When a new venture capital firm appears, and begins claiming golden opportunities in sustainable technology, most investors and media watchers tend to look for reasons to be skeptical. The ‘clean-tech’ industry, some observe, already has the makings of a bubble, and without a doubt, many new efforts will be tested in the coming years as the marketplace, and the benchmarks of true sustainability, sort out the practical solutions from the more fanciful ones.
Mantra Venture Group seems to have grasped this concept early, and one of its criteria that can make a technology attractive is the potential for ‘closed-loop’ operation. “Closed-loop” or closed-containment essentially describes a system that recycles its waste into an energy source, either for internal use or to be harvested as a useful by-product. Similarly, projects that utilize an existing waste stream, and convert them into a fuel or energy sources, are highly valuable from both economical and ecological perspectives.
Mantra Venture Group is comprised of a cluster of subsidiary companies: Mantra Energy Alternatives, Mantra Wind Inc, Carbon Commodity Corp, Climate Esco Ltd, and Mantra Media Corporation. The original parent company was incorporated in Nevada in early 2007. Its home base of operations is now shared between two offices, in Seattle, WA and Vancouver, BC.
Recently the company held its first ‘open house’ event in Vancouver, inviting new and prospective investors to become acquainted with Mantra’s key objectives, its partnerships, and to learn about the technologies and projects currently under development. The evening’s first speaker was Colin Oloman, an electro-chemical engineer and professor emeritus at the University of British Columbia, and an electro-chemical engineer for over 40 years. At UBC’s Clean Energy Research Centre, Oloman and his research assistant have engineered a process, dubbed the Electro-chemical Reduction of Carbon, that essentially electrolyses carbon dioxide gas, converting it into a formic acid. This chemical can then be used in industrial applications, or potentially in fuel cells. Though still in the early development stages, Mantra’s vice president of technology evaluation, John Russell, is sufficiently convinced of the technology’s potential that Mantra purchased the license to it from Professor Oloman, and are now pursuing its US patent rights. “The ERC process is a significant shift from the idea of CCS (carbon capture and storage), which instead of trying to bury CO2, actually harnesses its useful properties,” says Mr. Russell. The company has acquired its own research facility in which to further research & development on this potentially important carbon-management technology. A recent research paper exploring the ERC process was recently published in Europe’s ChemSusChem industry journal. Excitement about its prospective uses is already building across the Atlantic, where carbon management, pricing, and clean tech in general is in a more advanced stage of acceptance than North America.

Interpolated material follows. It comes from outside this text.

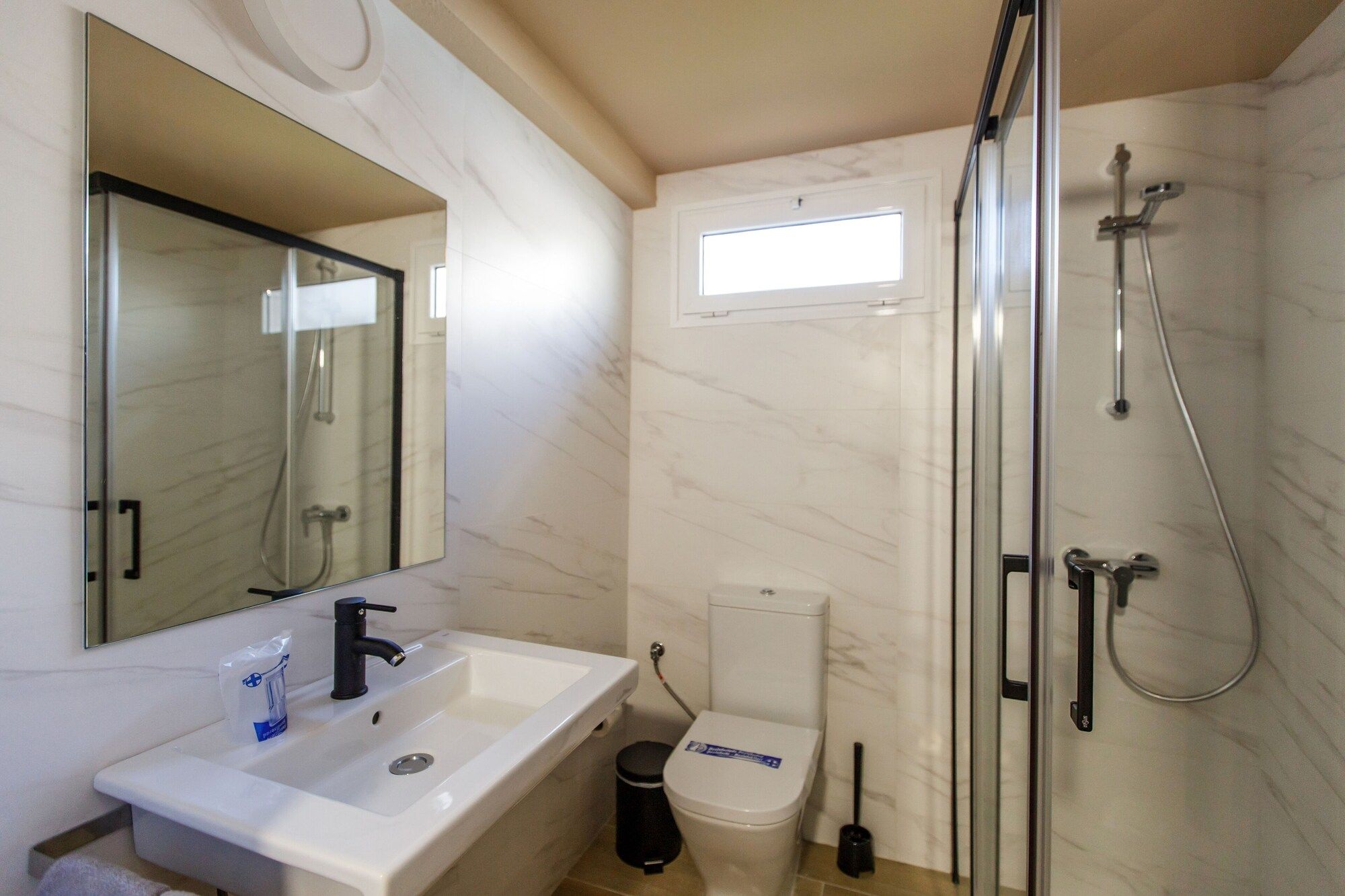 A bathroom with a sink, toilet, and glass-enclosed shower.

Next to take the microphone was Fred Enga, President of Northwind Ethanol, also based in Vancouver BC. A thermo-dynamics engineer by trade, Mr Enga heads up Northwind, which is working on a process to convert BC wood waste into cellulosic ethanol. Their proprietary process focuses on the break-down of raw starches into simple sugars using a low-heat process. This is more cost-effective than distillation, which is the most popular method of producing ethanol, and hasn’t changed “since the time of Judith the Jewess”, said Enga. Northwind’s Chief Financial Officer, Brian Currie, claimed the company could achieve 60% returns on investment in less than a year. Their approach is to obtain mothballed BC pulp mills and saw mills, of which there are a rapidly growing number, at deeply discounted prices, converting them into ethanol production plants. Biomass electricity can also be generated from the same facilities. Two sites are under negotiation, in Prince Rupert on the north coast, and another plant in Kelowna. The fuel source, wood waste, is also cheap, and many of the required workers live in the surrounding communities and are already familiar with the plants basic operating requirements. “Save is a strong word, but I truly believe with this process we can help save BC forestry communities,” said Currie. The projected ROI numbers do not take into account other opportunities such as licensing the plants, and carbon credit trading. But it does consider the US ethanol market, which is expected to demand around three billion gallons over the next several years, ideally from sources that do not compete with valuable food crops.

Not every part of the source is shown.